2007 Markus Molitor Riesling Auslese | QmP Haus Klosterberg | Mosel
I adore riesling like you wouldn't believe, but sometimes you've just got to tone down the rhetoric and drink it for what it is. Because sometimes it's just a simple wine, with little else to offer than sheer fruitiness/sweetness that comes off as slightly whorish. The kind of cheeky, come-hither-finger, hey big boy, kind of thing.
Markus Molitor is a well-known producer of Mosel rieslings, owning vineyard parcels seemingly everywhere: just check out the full listing of sites they own vines in. 2007, a great vintage for German wines. Good ripeness, but more importantly, that spine of just electric acidity that defines what grand riesling is. Yes, it's almost a crime to be drinking auslesen wines so young. The only way to avoid that is, well . . . would you like to supply me with wines to drink while we wait for these to mature?

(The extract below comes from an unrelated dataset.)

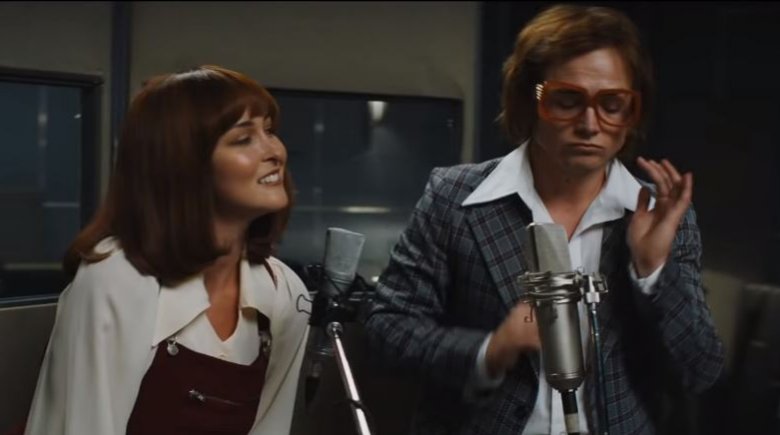 Scene from Rocketman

Fruit, sweet, ripe, friendly. Almost a bit too friendly, like that guy who thinks he belongs with every group, but really, belongs nowhere. Soft, leaving me asking - where is the acid? And if there's no acid . . . then what's the point of it all??
P.S. | I just came back from a jaw-dropping, poem-inducing meal at a Cantonese restaurant in Markham with an old friend who seems to know every single restaurant owner in the area. Need to digest it all for a bit - photos and all that soon.